Semi-Supervised Learning

Semi-Supervised Learning is an approach in machine learning that combines elements of both supervised learning and unsupervised learning. It is particularly helpful when a dataset contains a small amount of labeled data and a large amount of unlabeled data.

By leveraging patterns in the unlabeled data, semi-supervised learning improves model accuracy and generalization while reducing the reliance on extensive labeled datasets.

Syntax

The general approach for implementing semi-supervised learning follows these steps:

1. Train an initial model using the available labeled data.
2. Use the trained model to predict labels for the unlabeled data.
3. Select high-confidence pseudo-labels and add them to the labeled dataset.
4. Retrain the model with the expanded labeled dataset.
5. Repeat steps 2-4 iteratively until convergence or stopping criteria is met.

Example

A common example of semi-supervised learning is using a self-training classifier with Scikit-learn in Python:

import numpy as np
from sklearn import datasets
from sklearn.model_selection import train_test_split
from sklearn.semi_supervised import SelfTrainingClassifier
from sklearn.ensemble import RandomForestClassifier
from sklearn.metrics import accuracy_score

# Load dataset
X, y = datasets.load_digits(return_X_y=True)

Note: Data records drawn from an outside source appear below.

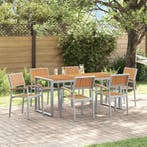 vidaXL Tuin Eettafel Set 7 pcs Grijs Massief Acacia Hout, Verzenden, Nieuw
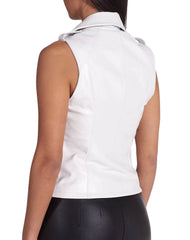 Nube White Leather Vest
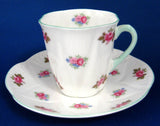 Cup And Saucer Shelley China Tall Dainty Rosebud Demitasse 1950s Coffee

# Create a mask to simulate unlabeled data (-1 represents unlabeled samples)
unlabeled_mask = np.random.rand(len(y)) < 0.8
y_unlabeled = np.copy(y)
y_unlabeled[unlabeled_mask] = -1  # Set 80% of labels to -1 (unlabeled)

# Split into training and test datasets
X_train, X_test, y_train, y_test_masked = train_test_split(X, y_unlabeled, test_size=0.2, random_state=42)

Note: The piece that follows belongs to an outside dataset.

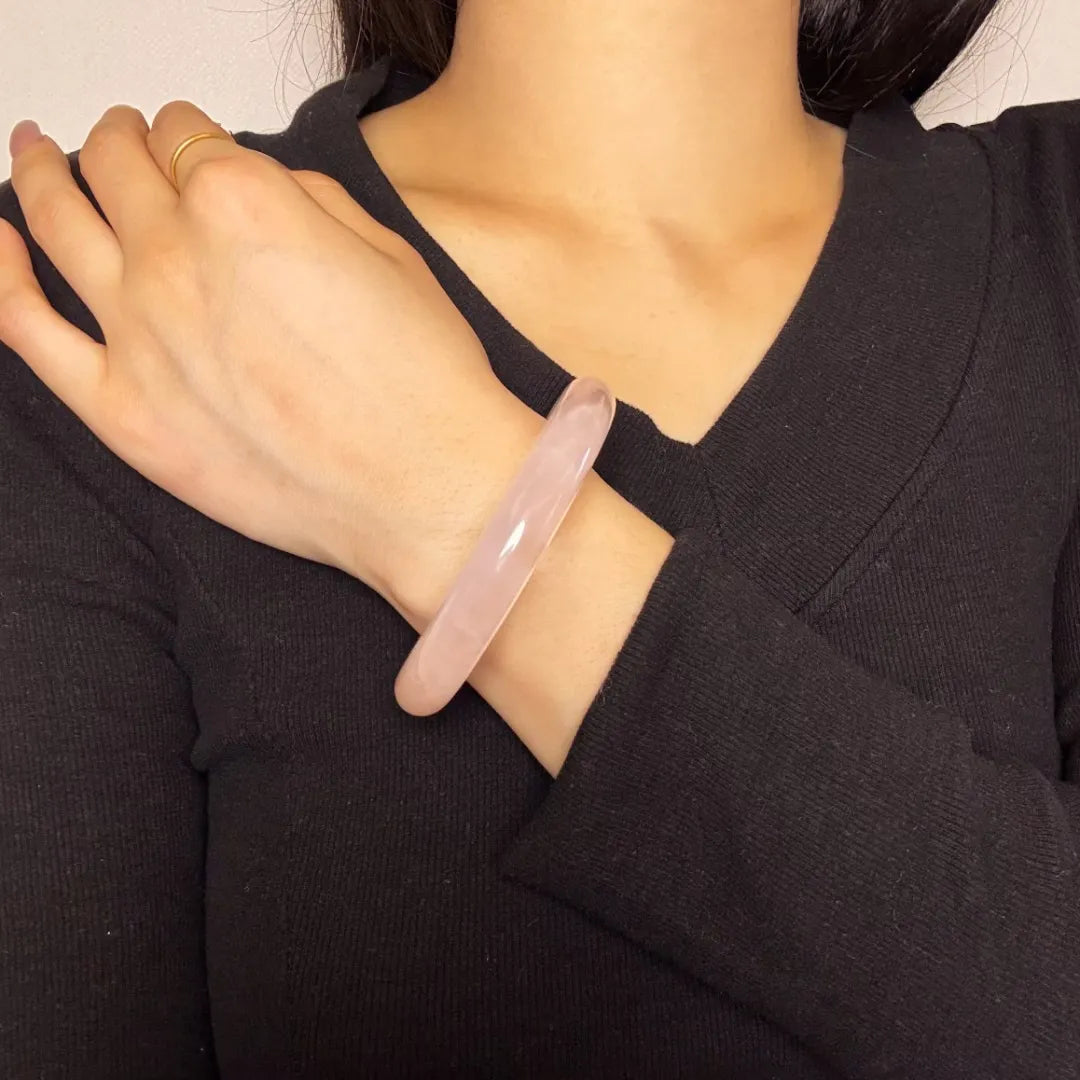 Bracciale Rigido Quarzo Rosa "Amore Incondizionato"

# Get the true labels for the test set
_, y_test_true = train_test_split(y, test_size=0.2, random_state=42)  # True labels for evaluation

# Define the base classifier
base_classifier = RandomForestClassifier(n_estimators=100, random_state=42)

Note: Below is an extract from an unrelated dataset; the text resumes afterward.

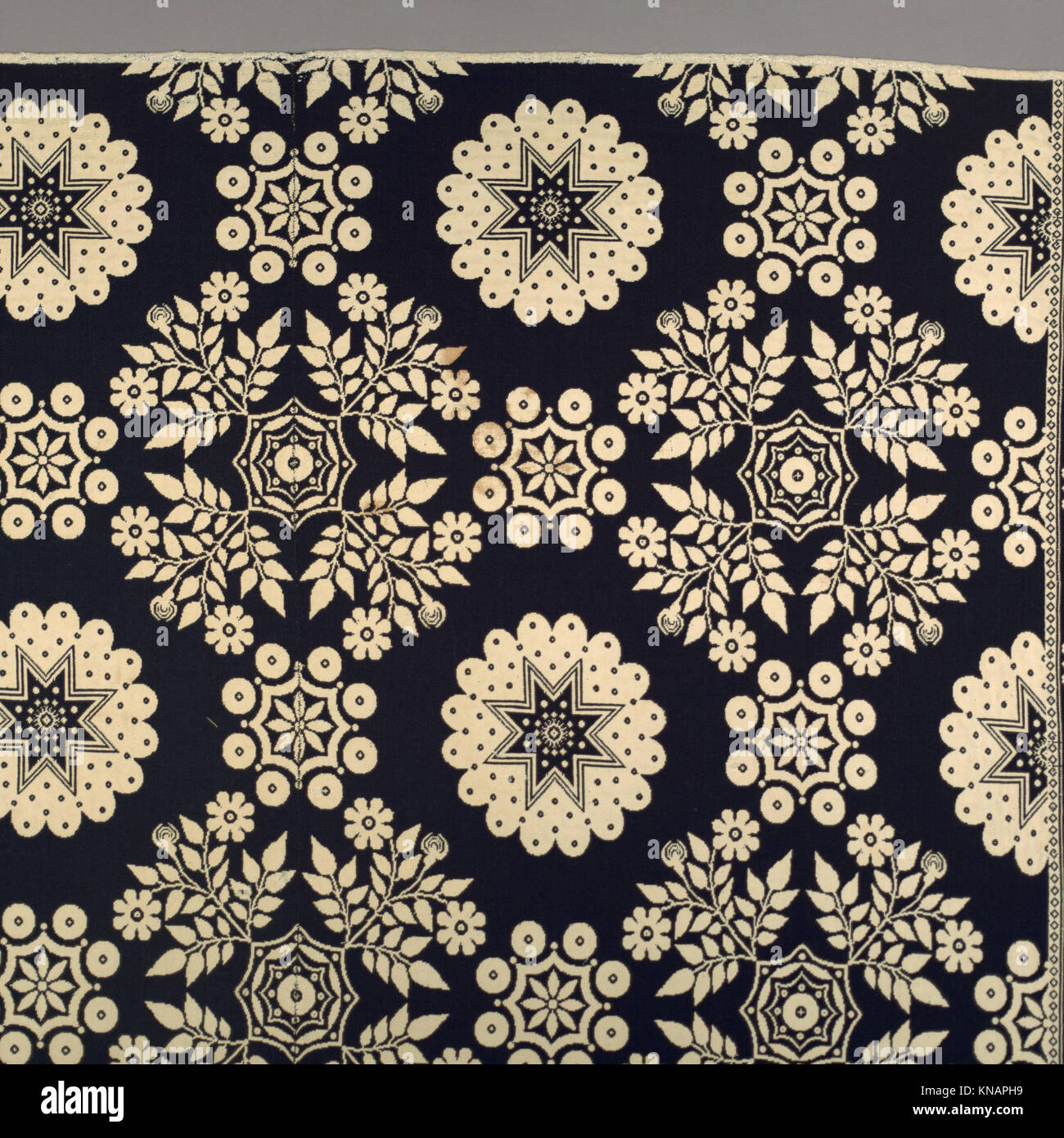Historical Textiled Patterns This coverlet displays detailed woven patterns, illustrating historical ...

# Create the semi-supervised model
self_training_model = SelfTrainingClassifier(base_classifier)

# Train the model
self_training_model.fit(X_train, y_train)

# Get predictions
y_pred = self_training_model.predict(X_test)

# Evaluate the model
accuracy = accuracy_score(y_test_true, y_pred)
print(f"Semi-Supervised Model Accuracy: {accuracy:.2f}")

This example demonstrates the use of a self-training classifier, where an initial model is trained on labeled data and iteratively labels the unlabeled data to improve its learning capability. The output of this code will be:

Semi-Supervised Model Accuracy: 0.89

Note: Since the dataset splitting and unlabeled mask generation involve randomness (np.random.rand() and train_test_split()), the accuracy may change slightly each time unless a fixed random seed (np.random.seed()) is set before creating the mask.